Ambiente | Zoom #3

Le ali dell'Alto Adige

Come si monitora lo stato di distribuzione e di conservazione degli uccelli in Alto Adige? Ce lo spiega l'ornitologo Francesco Ceresa.
Avvertenza: Questo contributo rispecchia l’opinione personale del partner e non necessariamente quella della redazione di SALTO.
Distribuzione Uccelli - Museo Scienze Naturali
Foto: Museo di scienze naturali

In Alto Adige ci sono molte specie di uccelli (alcune comuni, altre meno) e c’è qualcuno che si è incaricato di determinare la distribuzione e lo stato di conservazione dei volatili altoatesini nidificanti. Il progetto è del Museo di scienze naturali di Bolzano e il responsabile scientifico è Francesco Ceresa, ricercatore specializzato in ornitologia, laureato in Scienze della Natura all’Università di Pavia e PhD in Biodiversità conseguito a Valencia, in Spagna. Ceresa lavora con la responsabile del progetto Petra Kranebitter, conservatrice della sezione di zoologia del museo. “Ho sempre coltivato la passione e l’interesse per il mondo animale e per il mondo scientifico della conservazione”, dice Ceresa spiegando perché ha deciso di cominciare a fare questa carriera. Fare questo lavoro comporta molte cose: metodi appropriati di raccolta e analisi dei dati sono fondamentali per ottenere risultati attendibili.

“I dati sono centrali per questo lavoro”, dice infatti Ceresa. Ne abbiamo una grande quantità ma fino ad ora non erano stati ben sistematizzati”.  Le informazioni che si possono dedurre dall’analisi e dalla messa a punto di un sistema coeso di dati servono anche a redigere una nuova Lista Rossa provinciale basata sui criteri dell’Unione Mondiale per la Conservazione della Natura.

 

 

“Bisogna determinare la distribuzione degli uccelli e verificare se ci sono stati dei cambiamenti significativi nell’arco degli ultimi decenni, a partire dall’ultima lista rossa”, spiega Ceresa.

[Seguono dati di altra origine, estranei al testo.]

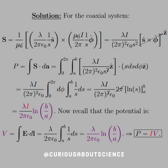We have S equal to 1 over mu-naught, and we see that the mu-naughts cancel in the cross product with E and B. We see that we have a common factor here of 2pi, so that's squared. We can factor out the epsilon. We have two S's, so that's S squared, and the lambda from the E field, the I from the B field, and then we're left with the cross product — S-hat cross phi-hat — which in cylindrical coordinates gives us Z-hat.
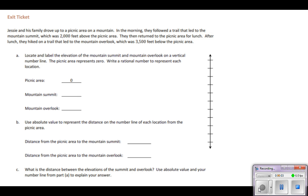Hi everybody. Today we looked at absolute value, and we learned that absolute value of a number is the distance between the number and zero on a number line. We also learned about the term magnitude — the magnitude of a measurement is its absolute value. We're going to use the magnitude of a measurement in this problem to practice with absolute value.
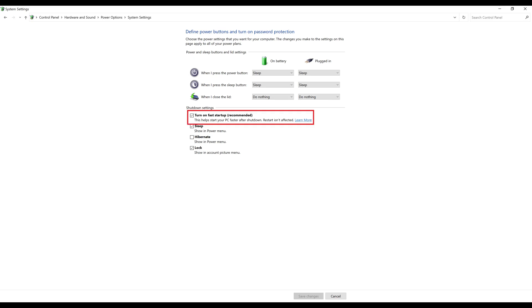Step 5: Click to remove the check mark from Turn on Fast Startup and then click Save Changes. Fast Startup will now be turned off on your computer going forward.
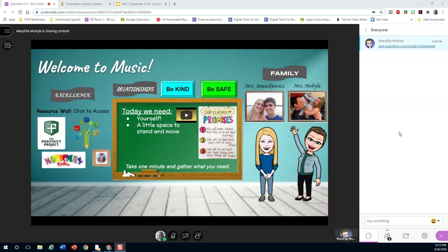Hi boys and girls, this is Mrs. Anna Skevich. I'm just going to take you on a little tour of how to use Pear Deck when we are learning together. The way that happens is either I or Mrs. Mahela will put a link in the chat of BBCU that will lead you to a Pear Deck.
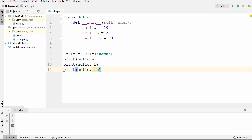Hey guys, welcome to the next video on Python tutorial for beginners. In the last video we saw how to use encapsulation in Python and how we can declare private member variables. To declare a private member variable, we use double underscore in front of the variable name, and this variable becomes private.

Redigere una nuova lista rossa significa capire il rischio di estinzione delle specie a livello locale e per farlo bisogna avere dati numerici, derivanti da censimenti sul campo, adatti a stimare l’abbondanza delle singole specie ed a calcolare se e come tale abbondanza varia nel tempo. “Per fare questi calcoli facciamo delle analisi statistiche sulla base dei dati a disposizione, che gestiamo attraverso un apposito database. L’attendibilità dei dati è garantita da un’attenta analisi di plausibilità. In questo modo, in alcuni casi possiamo determinare anche i segnali di declino delle specie” conferma Ceresa.

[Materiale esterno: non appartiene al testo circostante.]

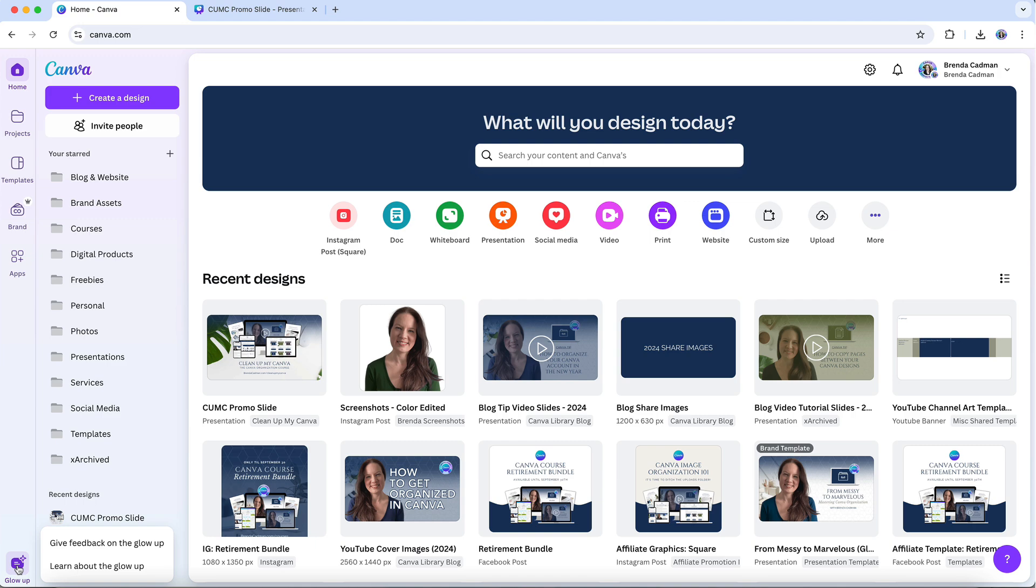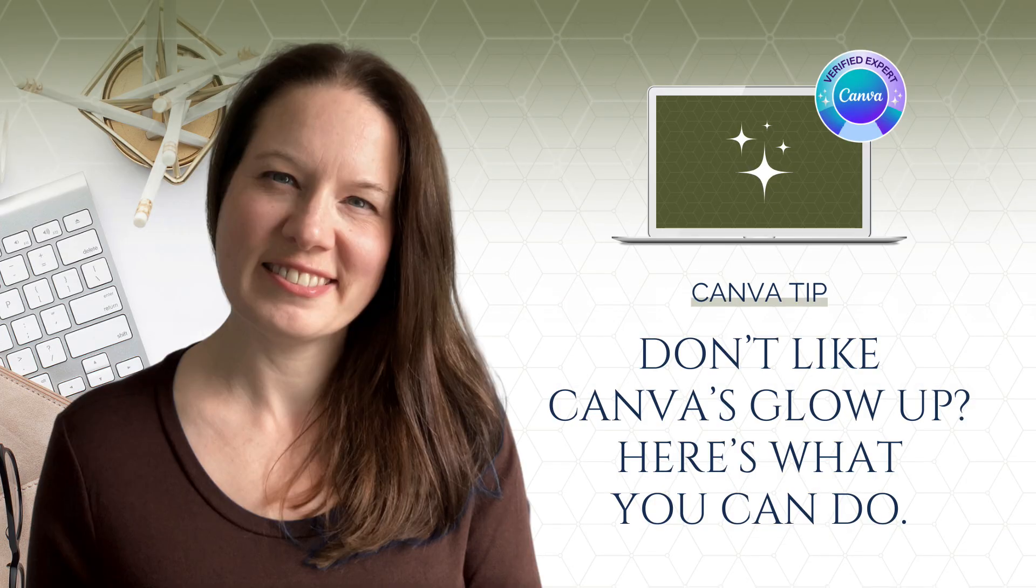The more detailed and consistent the feedback they receive from users, the better equipped Canva is to address the most common concerns and make adjustments that better serve their community. I encourage you to take a moment to share your experience with them.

Il progetto di cui Ceresa è responsabile è cominciato nel 2018 e finirà durante l’estate del 2020: in due anni di studio sono stati sono stati anche raccolti molti dati sul campo, poi utilizzati per elaborare varie pubblicazioni scientifiche. “È importante che le informazioni vengano poi rese pubbliche, saranno infatti consultabili sul sito florafauna.it”, sito già menzionato in questa rubrica all’interno dell’articolo relativo agli studi della sezione botanica del museo bolzanino.

 

 

Un altro buon esempio di come i dati sugli uccelli siano stati resi pubblici è il progetto MITO2000 (Monitoraggio Italiano Ornitologico), progetto che mostra quali siano stati i trend nazionali e locali sulla base dei rilevamenti effettuati e pubblicati a partire dall’anno 2000. Studi di questo tipo vengono portati avanti sin dagli anni ’60 dal Regno unito e, come si può vedere, vanno costantemente aggiornati. Studiare come sono distribuiti gli uccelli sul territorio può fornire dati importanti per quanto riguarda l’ecologia degli animali e quindi per quanto riguarda anche l’ecosistema.

Oltre ai fenomeni di declino delle specie si può osservare come esistano anche altri fenomeni opposti, come quelli di ri-colonizzazione a livello locale. Alcune specie hanno, infatti, ricominciato a nidificare sul territorio altoatesino. Alcune delle specie più comuni in Alto Adige, invece, sono il fringuello e la cincia mora, stando alle rilevazioni. Il progetto promosso dal museo non è solo utile allo studio ma – come sempre, in questi casi – porta anche alla nascita di una rete di studiosi. “Questo lavoro ci permette di avere un confronto metodologico costante tra gli addetti ai lavori”, conclude Ceresa.